I'm trying to write a playbook that kicks off role playbooks and pass a list of hosts to it. The "master" playbook has some load balancing logic in it that I don't want to repeat in every role playbook and can't put into site.yml.
inventory.yml
[webservers]
Web1
Web2
Web3
Web4
master.yml
---
- name: Split Inventory into Odd/Even
hosts: all
gather_facts: false
tasks:
- name: Set Group Odd
set_fact:
group_type: "odd"
when: (inventory_hostname.split(".")[0])[-1] | int is odd
- name: Set Group Even
set_fact:
group_type: "even"
when: (inventory_hostname.split(".")[0])[-1] | int is even
- name: Make new groups "odd" or "even"
group_by:
key: "{{ group_type }}"
- name: Perform Roles on Odd
include: webservers.yml hosts={{ groups['odd'] | join(' ')}}
- name: Perform Roles on Even
include: webservers.yml hosts={{ groups['even'] | join(' ')}}
webservers.yml
- name: Perform Tasks on Webservers
hosts: webservers:&"{{ hosts | replace('\"','')}}"
roles:
- pause
The join(' ') flattens the list of hosts into a string with a space separating each one. When I run the playbook it passes the list of hosts to webservers.yml, however it adds double quotes to the beginning and end, causing webservers.yml to do nothing since no hosts match. I would assume the replace('\\"','') would remove the quotes around the string but doesn't seem to be the case. Here's an example output from webservers.yml:
[WARNING]: Could not match supplied host pattern, ignoring: Web4"

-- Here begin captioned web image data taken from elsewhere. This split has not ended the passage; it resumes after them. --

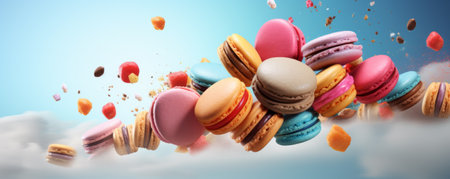Sweet macaroons macarons with crumbs falling flying isolated on colorful background. French cookies. Pastry shop card bannerの写真素材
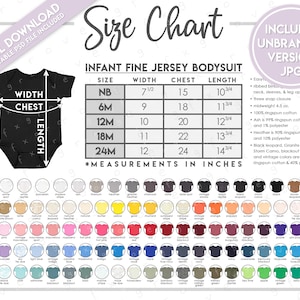 May include: Size chart for infant fine jersey bodysuits, showing measurements in inches for sizes NB to 24M. The chart includes width, chest, and length measurements. A black bodysuit is shown with measurements labeled. A color chart is shown below with various colors available for the bodysuits.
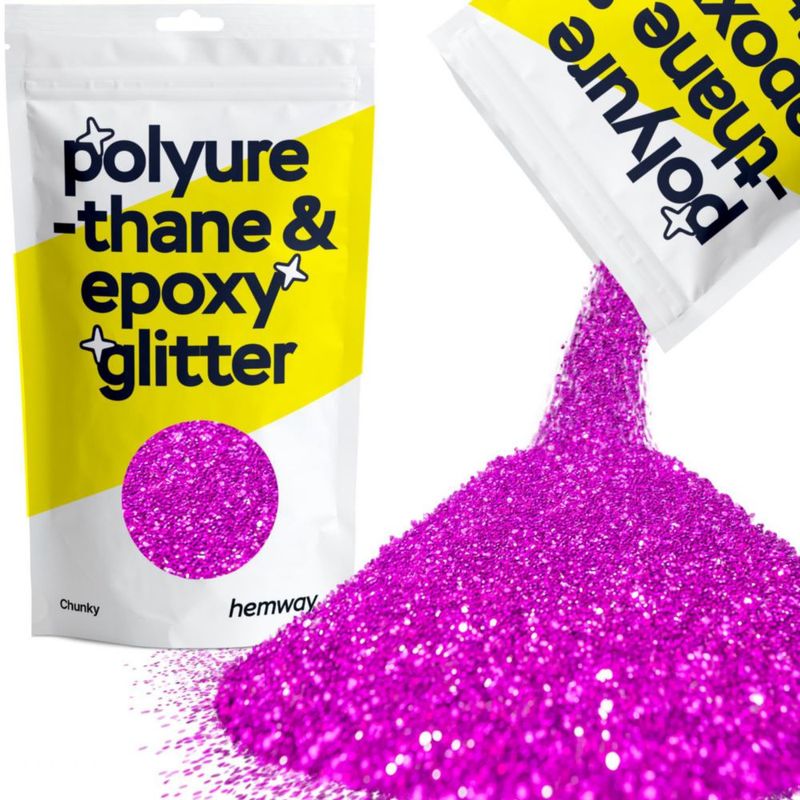 Brillantina Hemway Rosa Fucsia 100 g Gruesa para Resina Poliuretano y Epoxi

[WARNING]: Could not match supplied host pattern, ignoring: "Web2
Any ideas? Does hosts:
handle filtering differently?
I feel that you use a role and a play in a wrong way. When you do tasks you should not change list of hosts this task or role is been executed upon. Basically, only play (a thing with 'hosts: ..., tasks: ..., roles: ...') can control where to run.

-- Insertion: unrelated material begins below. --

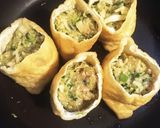 余った餃子の具で、油揚げ包み作り方2写真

There are few exceptions, fe you can play with delegation and so on. But for your case any attempt to use tasks or roles to control list of the host will only bring misery and hate (toward yourself, toward ansible, etc).

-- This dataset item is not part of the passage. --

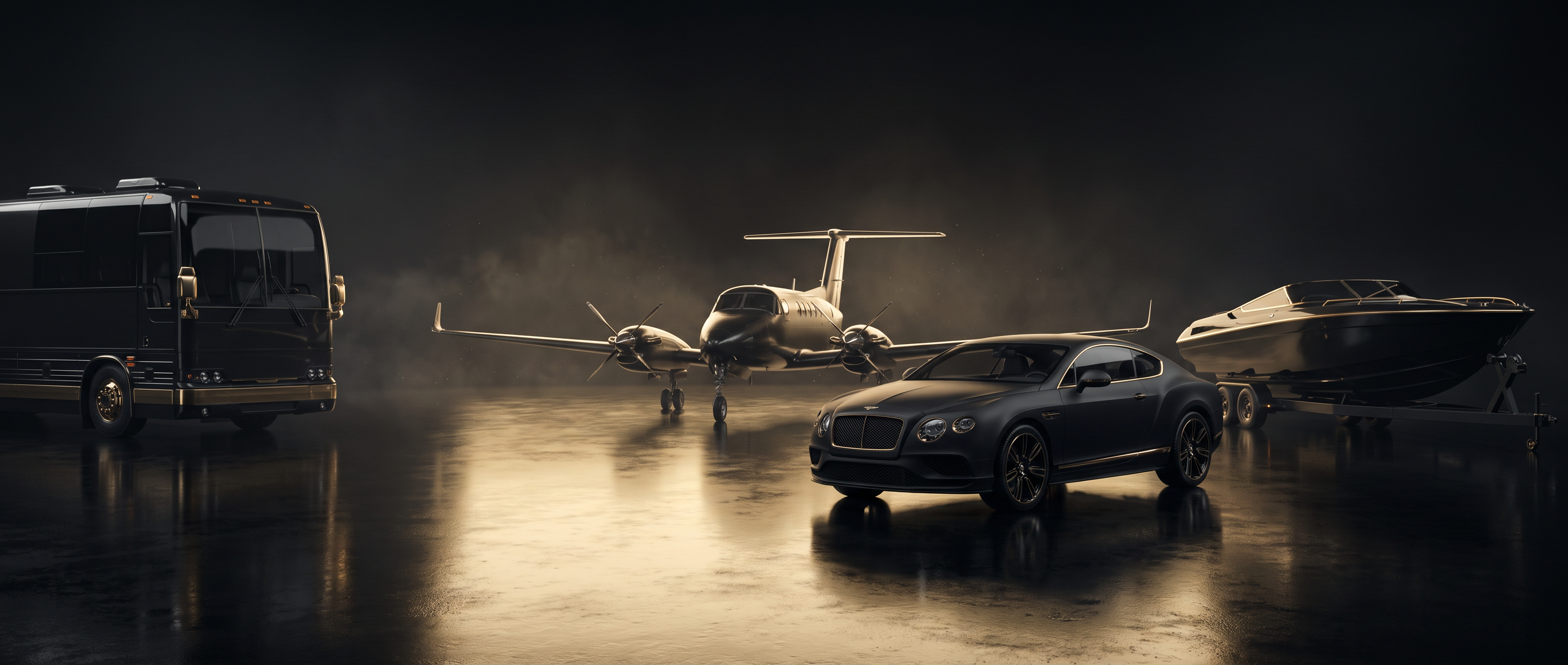 A luxury coupe, private aircraft, performance boat and motorcoach together in a blacked-out hangar under gold edge lighting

To do it right, just add yet another play in to your playbook (playbook is a list of plays).
Here is your code, slightly modified.
---
- name: Split Inventory into Odd/Even
hosts: all
gather_facts: false
tasks:
- name: Set Group Odd
set_fact:
group_type: "odd"
when: (inventory_hostname.split(".")[0])[-1] | int is odd
- name: Set Group Even
set_fact:
group_type: "even"
when: (inventory_hostname.split(".")[0])[-1] | int is even
- name: Make new groups "odd" or "even"
group_by:
key: "{{ group_type }}"
- name: Doing odd things
hosts: odd
gather_facts: false
tasks:
- name: Perform Roles
include: webservers.yml
- name: Doing even things
hosts: even
gather_facts: false
tasks:
- name: Perform Roles
include: webservers.yml
You can see, I've just assigned a playbook to two groups ('odd' and 'even'). Dynamic groups are preserved between plays in a playbook, and they are no different from any other group in this matter.
PS Do not use 'include', use 'import_tasks' (includes are dangerous in newer versions of ansible, avoid them if you could.).